Indonesia saat ini adalah cerita tragedi peradaban manusia yang sangat memilukan. Setiap hari, hak orang-orang tak berdosa di negeri ini dirampas. Mereka dizalimi oleh para pejabat korup. Walaupun media banyak mengecam prilaku busuk ini, pencuri-pencuri itu seakan tidak bergeming sedikitpun karena hokum di negeri ini tidak berkutik. Kebiadaban menyengat sangat kuat. Pejabat, wakil rakyat, kelompok penjilat tak henti-henti menyalak mencari mangsa. Situasinya sangat komplikatif. Tidak jelas betul siapa makan siapa. Tahun-tahun ini, saya kira, Indonesia masih akan terluka.

Kemana lagi kita mesti menoleh? Mereka yang selama ini diharapkan mampu merubah wajah negeri ini malah menusukkan belatinya ke jantung ibu pertiwi yang membuatnya mati suri. Tokoh-tokoh agama yang digadang-gadang mampu mengedepankan moralitas dalam visi politiknya malah tergelincir dari rel ‘siyasah syar’iyyah’. Tokoh  muda, pengasuh pesantren, penjaga mushalla dan kaum pengajar malah ikut meramaikan kegamangan ini yang menambah carut-marutnya konstelasi politik nusantara. Ajaran agama tergadaikan, moralitas berada diruang hampa.

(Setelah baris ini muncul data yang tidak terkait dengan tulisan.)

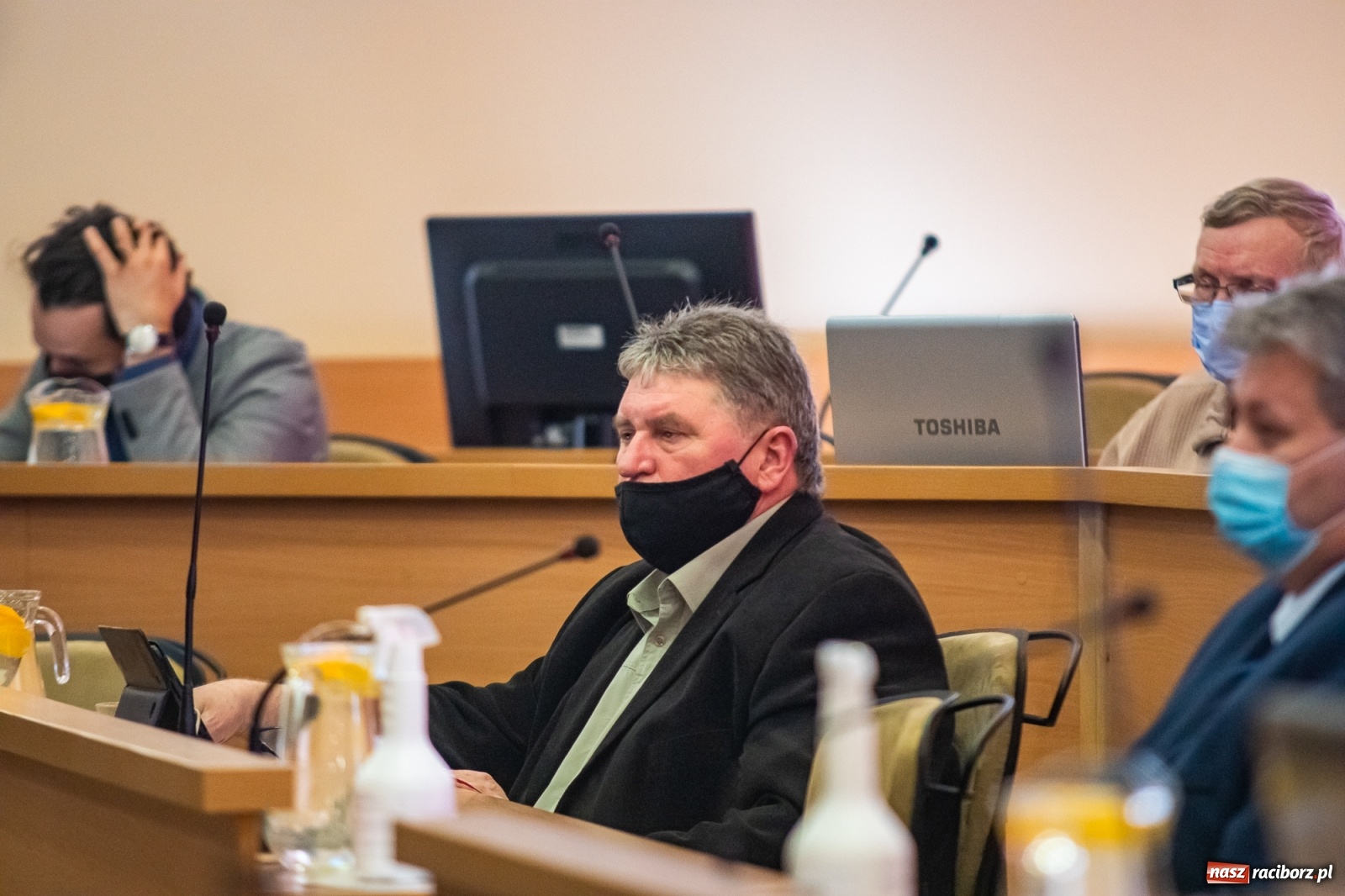 Zdjęcie w galerii na portalu naszraciborz.pl: Deficyt szybko rośnie. Obradowała komisja gospodarki wiadomości z regionu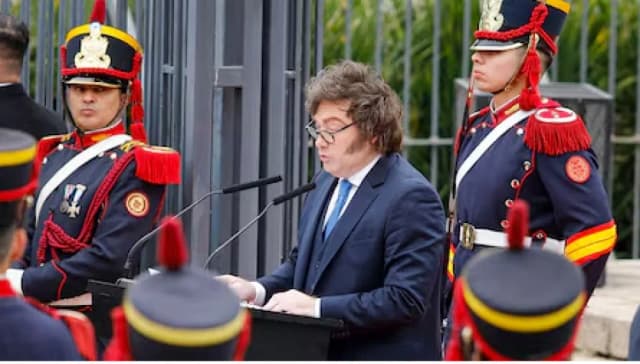 Con críticas al kirchnerismo, Javier Milei encabezó el acto de homenaje a San Martín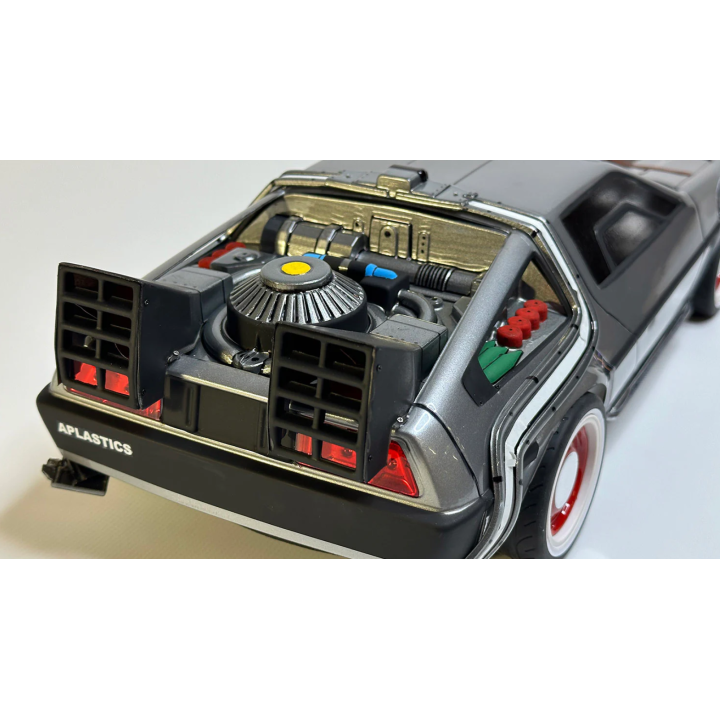 Carrocería DeLorean DMC-12 “Regreso al Futuro 3” 1/10 – Pintada y Detallada para RC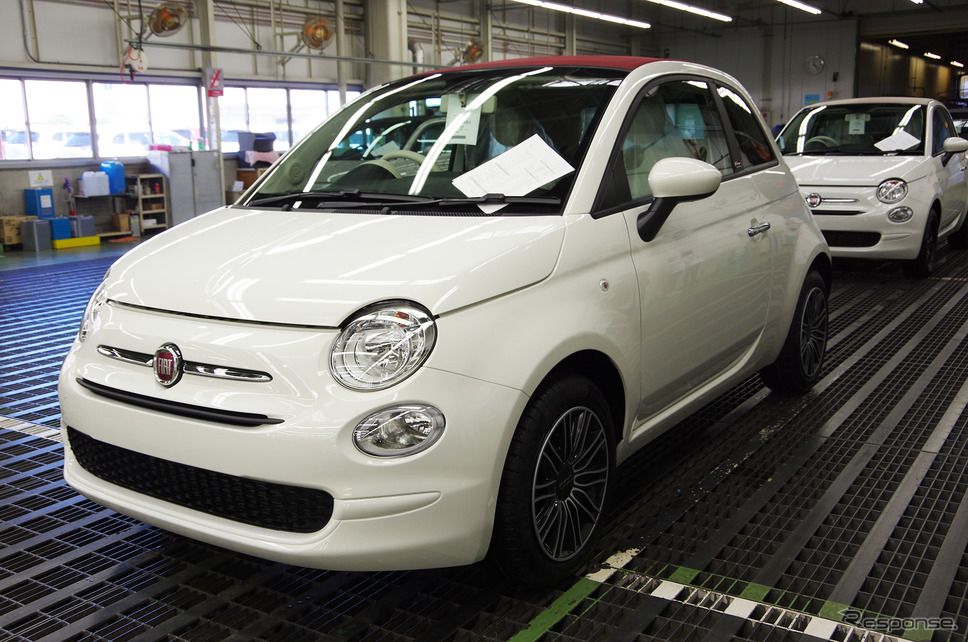 豊橋のFCAジャパン新車整備センターで整備を受けるフィアット500《撮影 宮崎壮人》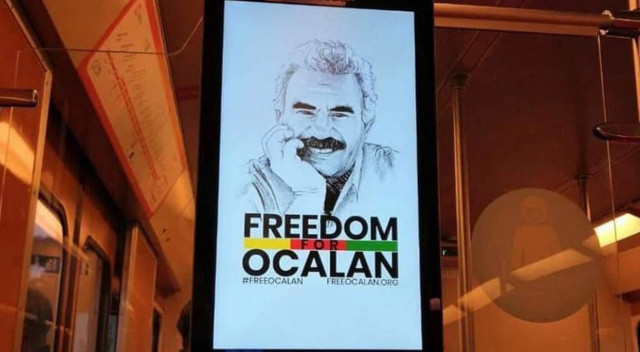 Finlandiya'da skandal afiş! Ankara'ya sıcak mesaj metroya Öcalan posteri görseli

Rezim yang labil dengan kondisi ekonomi yang carut marut atau rezim yang sangat kuat dengan kontrol yang tidak memungkinkan kekuatan tandingan menjadi dua ciri menonjol negara dengan komunitas muslim terbesar sampai dengan pergantian tahun ini. Presiden SBY memang terlihat lebih progressif dalam pembangunan sosial ekonomi Indonesia. Proyek-proyek ekonomi berskala besar banyak diluncurkan, anggaran pendidikan dinaikkan, santunan sosial masyarakat miskin ditambah. Ada penyegaran geliat ekonomi yang kentara beberapa tahun belakangan. Namun, semua itu sangat bergantung niat baik presiden atau sekelompok penguasa. Ketika yang berkuasa berubah atau melampaui batas, siapa yang bisa mengontrol? Tidak ada!. Kalaupun ada, kontrol biasanya sangat lemah.

Lantas, apa artinya semua ini bagi umat Islam di tahun barunya? Terlalu muluk untuk berharap umat Islam bersatu diikat oleh keislamannya untuk dibumikan di dunia realitas. Terlalu banyak palang rintang sejarah yang harus dilompatinya. Kalau memang harus berharap –karena tidak putus asa--, setidaknya tahun ini bisa menggugah bahwa Islam-lah harta paling berharga yang kita miliki. Tidakkah kita mencoba untuk kembali mendalaminya buat mengarungi masa depan yang memang tidak mudah?